Index

Intel SA 00086 Vulnerability Scan

Scan Endpoint for Intel SA 00086

Description

This Agent Procedure will scan the endpoint for the Intel-SA-00086 Vulnerability. It downloads and execute the tool from Intel (https://downloadcenter.intel.com/download/27150) to scan the endpoint.
A requirement prior to executing the procedure is to create a new custom field called "Intel Vulnerability" as a string. The procedure will then update the custom field to let you know if the endpoint is Safe, Vulnerable, Potentially Vulnerable or if the tool could not scan it.
You can find some information about the Vulnerability in this Intel Article: https://www.intel.com/content/www/us/en/support/articles/000025619/software.html
The script requires Powershell 5.0 to successfully run, Windows 7 endpoints are by default on Powershell 2.0

Categories
Developer
  • Name: Douglas Sanchez
  • Company: Kaseya
  • Website: http://www.kaseya.com
  • Contact Developer
  • Summary
  • Intel SA 00086 Vulnerability Scan
  • 20 Downloads
  • Released on December 1st, 2017
  • Reviews

    Intel SA 00086 Vulnerability Scan has no reviews.

    Discussion
    Gravatar for Joseph Pate
    Joseph Pate 3 days ago

    This is working on some machines but how do we run a report or use the advanced view filter correctly? It seems to not filter correctly. Also getting lots of script failures for different machines all saying: FAILED in processing THEN step 8, Get Variable, with error File Open Failed, Get content from file c:\kworking\intel.txt (Line 15)

    Gravatar for Chase Mendoza
    Chase Mendoza 3 days ago

    I noticed the same thing too. In my environment, it only works on Windows 10 so check if it is the same case for you. I have been tweaking the procedure as I write this and think I have a work around for this problem.

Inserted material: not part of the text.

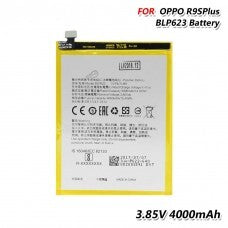 Battery Opoo R9S Plus Mobel: BLP623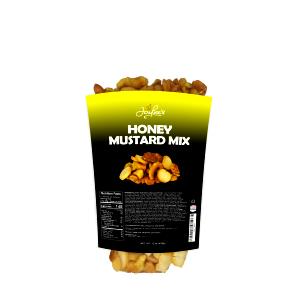 1/4 cup (28 g) Honey Mustard Peanuts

    Gravatar for Joseph Pate
    Joseph Pate 3 days ago

    Yes it seems to only be Windows 10, how do you have it working on all Operating systems? Also, did you figure out the filter view to show all vulnerable or potentially vulnerable. We need a view or a report we can run after this.

    Gravatar for Chase Mendoza
    Chase Mendoza 3 days ago

    I don't have it working on all yet. I am testing a few things and should get it working here shortly. I cant add photos here so I can't show you how to get the view to work but I believe I know the issue you are having.

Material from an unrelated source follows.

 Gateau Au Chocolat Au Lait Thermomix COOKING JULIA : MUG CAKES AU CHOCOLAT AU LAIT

    Gravatar for Joseph Pate
    Joseph Pate 3 days ago

    Can you email me screenshots for the view? jpate@teamlogicit.com

    Gravatar for Jonathan Haase
    Jonathan Haase 3 days ago

    TO fix it not running on anything other than windows 10 see the modification I recommended in the thread on the kaseya forums *here*. https://community.kaseya.com/xsp/f/28/t/23684.aspx. The view should be relatively simple, looking at the contents of the systeminfo column "Intel Vulnerability"

    Gravatar for Joseph Pate
    Joseph Pate 3 days ago

    What are you using to edit? I see all this "

    Gravatar for Tom Schrader
    Tom Schrader 3 days ago

    After you import it into Kaseya, you can edit it at Agent Procedures>Schedule Create

    Gravatar for Joseph Pate
    Joseph Pate 3 days ago

    I like that idea better, but when I click on edit procedure or view procedure I get a large exclamation mark in a circle. I will restart my browser and try again.

    Gravatar for Joseph Pate
    Joseph Pate 3 days ago

    It works after editing in Kaseya. It runs on all devices it seems and the view works as well. I need to try and make a report that will show a pie chart of vulnerable and not vulnerable.

    Gravatar for Joseph Pate
    Joseph Pate 3 days ago

    Line 8 for me is now: echo {(Get-ItemProperty "HKLM:\SOFTWARE\Intel\Setup and Configuration Software\INTEL-SA-00086 Discovery Tool\System Status" -Name "System Risk")."System Risk" ^| Out-File #vAgentConfiguration.agentTempDir#\Intel.txt} >>>> #vAgentConfiguration.agentTempDir#\Inteltest.ps1

    Gravatar for John2E
    John2E 3 days ago

    I have the same issue as Joseph Pate last comment re: Failed Then Step 8 ...its like intel.txt is not being created so the value cant be pulled from it...not clear why though.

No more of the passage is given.